(What is expected): Write the records below out again word for word, with the pictures removed.

(Records supplied):
────────────────
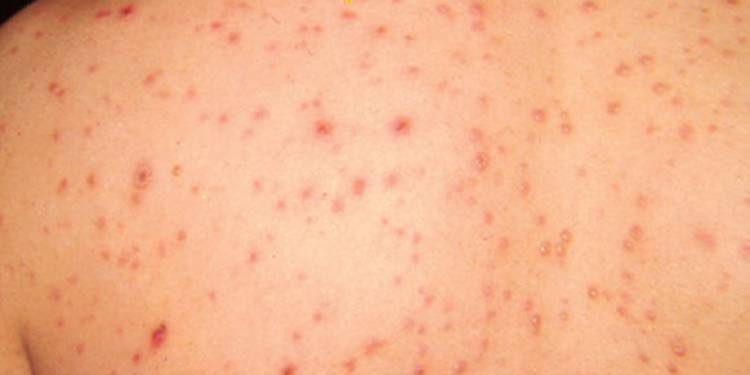 image 750x 5b2d2683cb5c2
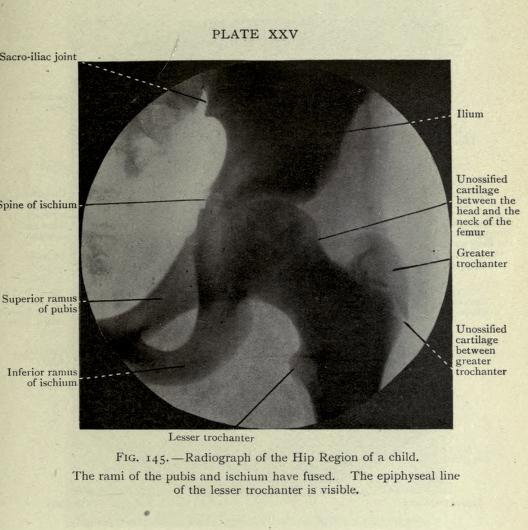 Radiograph of the Hip Region of a child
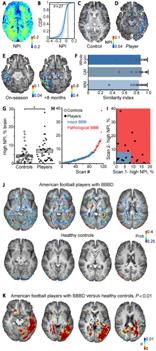 Ben-Gurion U. Researchers Reveal Persistent BBBD in American Football Players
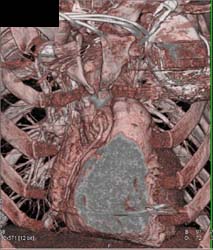 Reimplantation of Right Coronary Artery - CTisus CT Scan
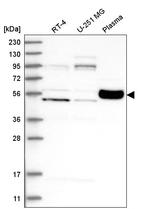 KPRP Antibody in Western Blot (WB)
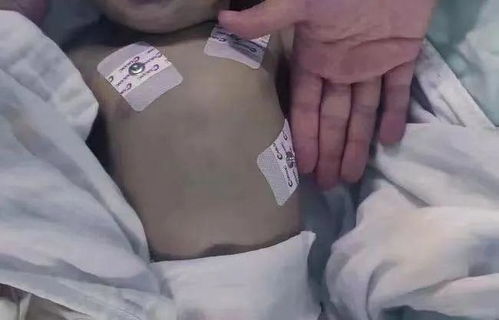 幼儿确诊铅中毒，毒源疑浮出水面，家长忧心忡忡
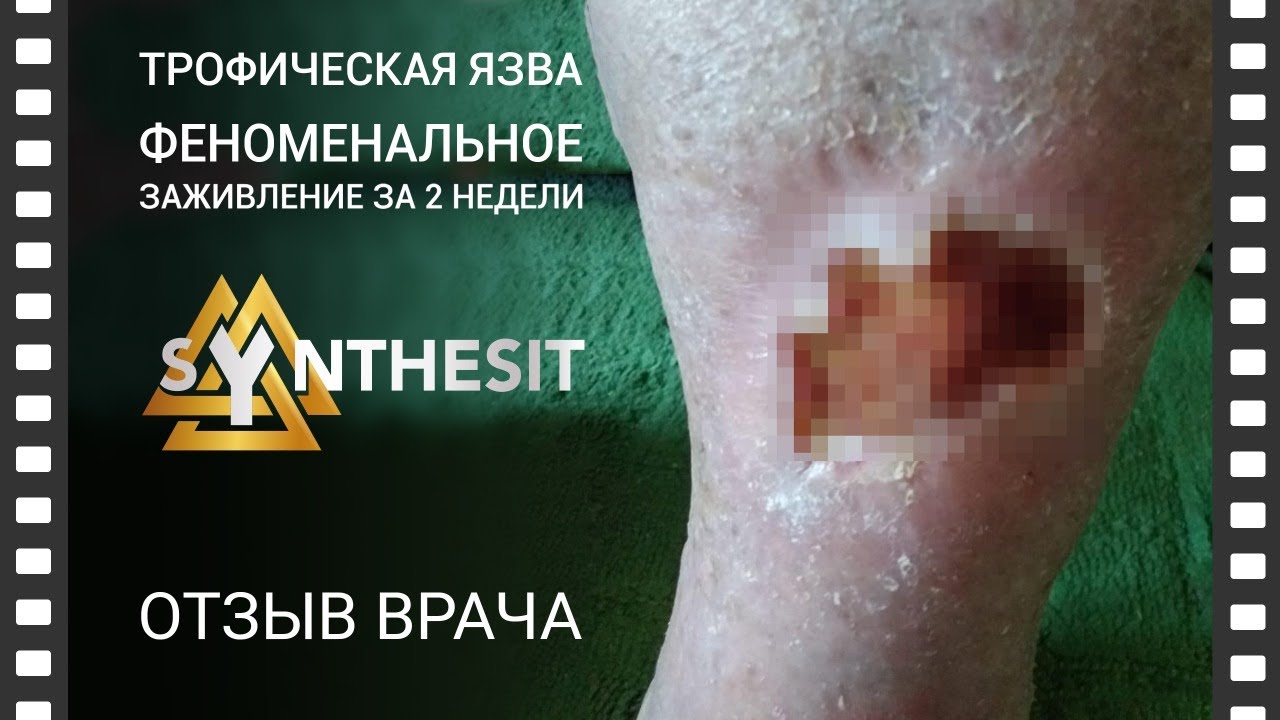 Отзыв №10 Как быстро вылечить трофическую язву и остановить варикоз
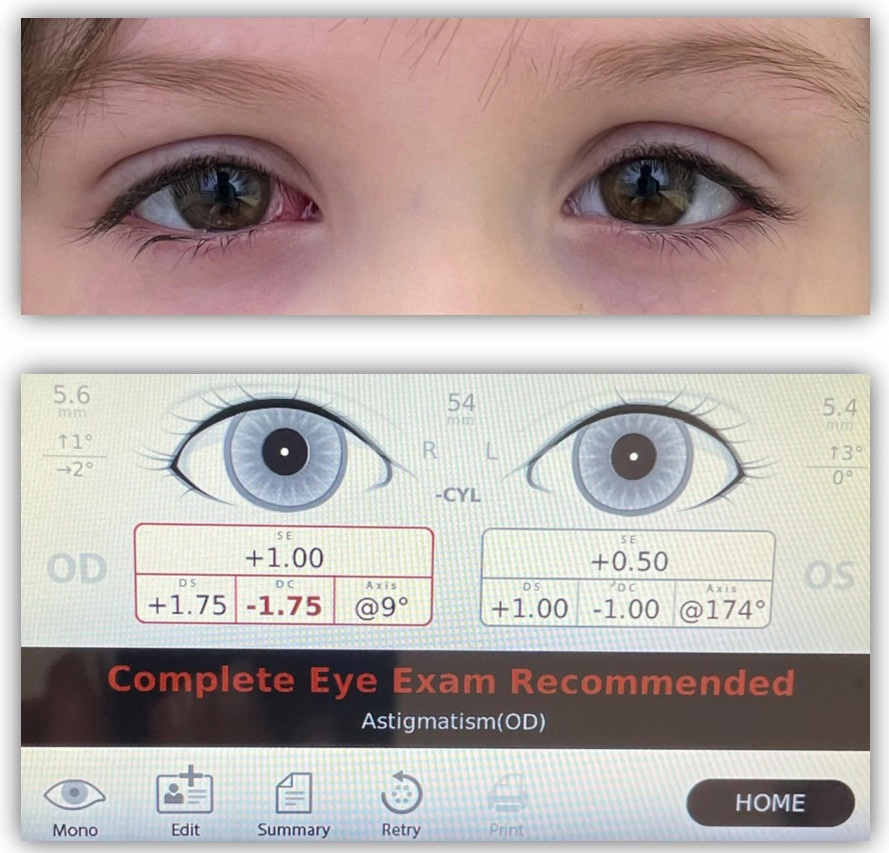 Хирургия частично-аккомодационного косоглазия-4.jpg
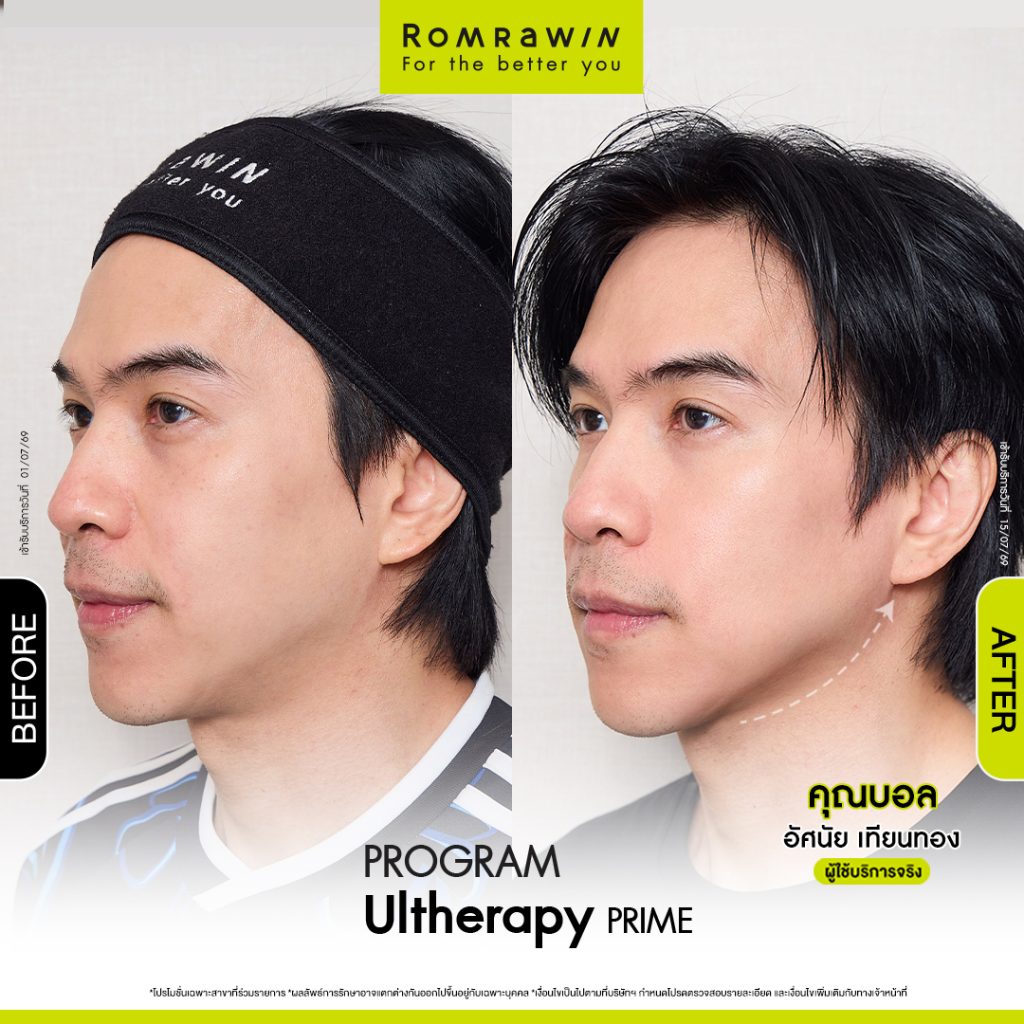 บอล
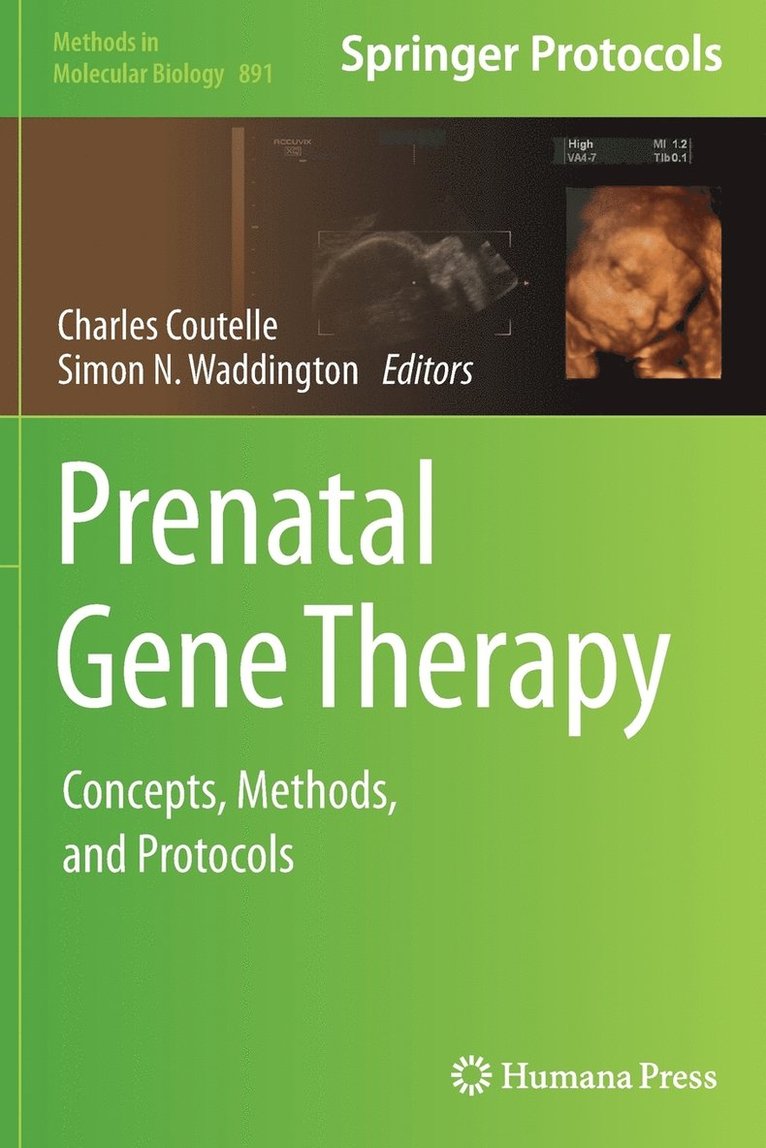 Prenatal Gene Therapy 1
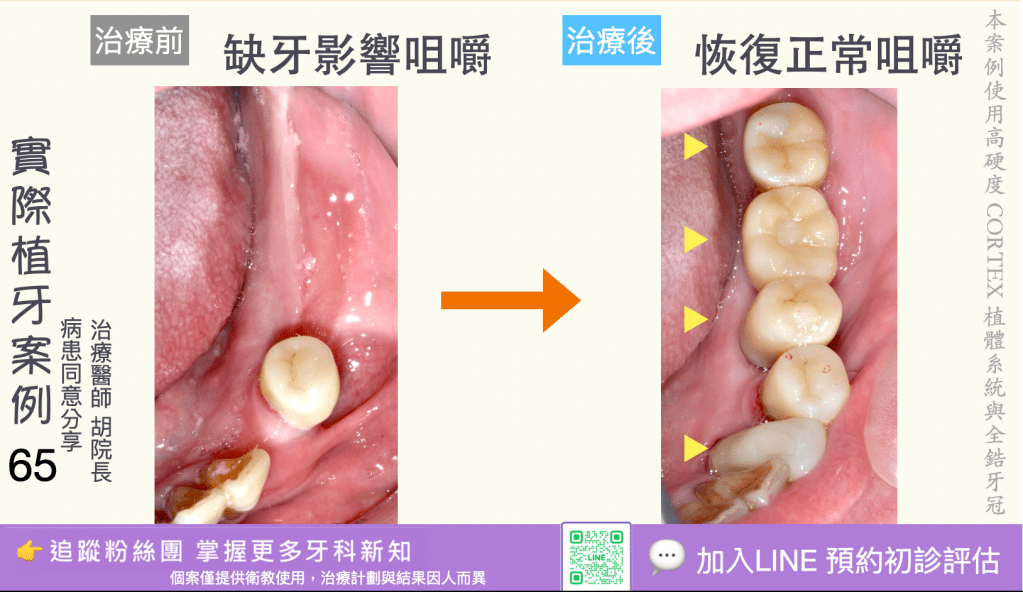 人工植牙治療實際案例成果63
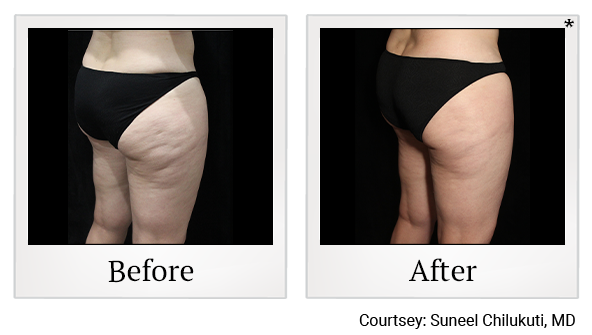 Results of Exilis Ultra treatment at Bay Area Med Spas in Oakland and Fremont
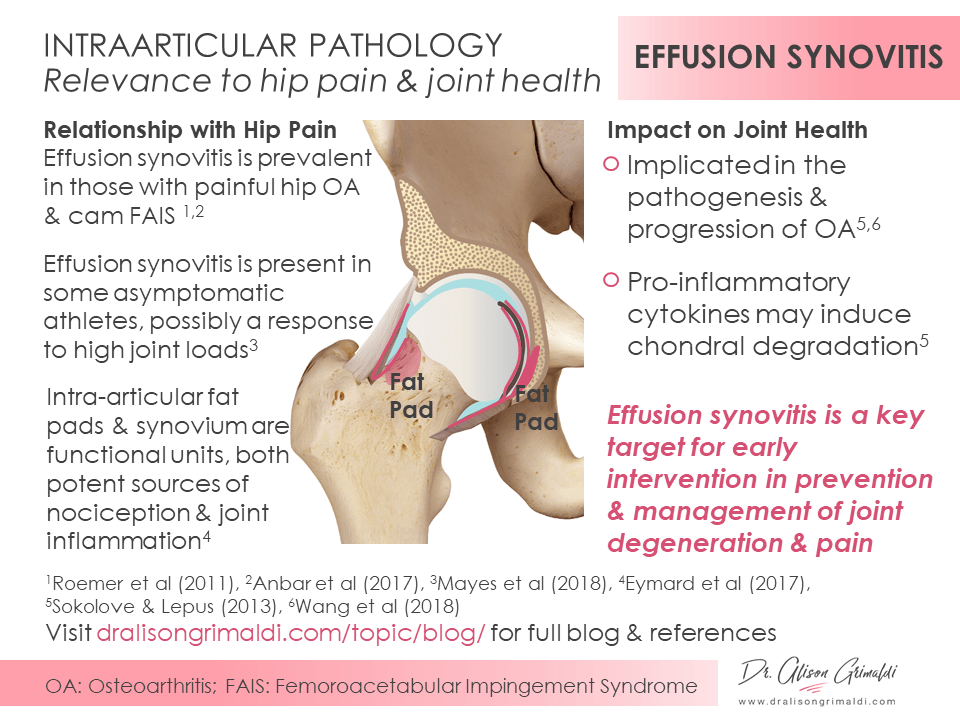 Infographic_Lig Teres Tear_dralisongrimaldi.com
────────────────
(Written answer):
 image 750x 5b2d2683cb5c2
 Radiograph of the Hip Region of a child
 Ben-Gurion U. Researchers Reveal Persistent BBBD in American Football Players
 Reimplantation of Right Coronary Artery - CTisus CT Scan
 KPRP Antibody in Western Blot (WB)
 幼儿确诊铅中毒，毒源疑浮出水面，家长忧心忡忡
 Отзыв №10 Как быстро вылечить трофическую язву и остановить варикоз
 Хирургия частично-аккомодационного косоглазия-4.jpg
 บอล
 Prenatal Gene Therapy 1
 人工植牙治療實際案例成果63
 Results of Exilis Ultra treatment at Bay Area Med Spas in Oakland and Fremont
 Infographic_Lig Teres Tear_dralisongrimaldi.com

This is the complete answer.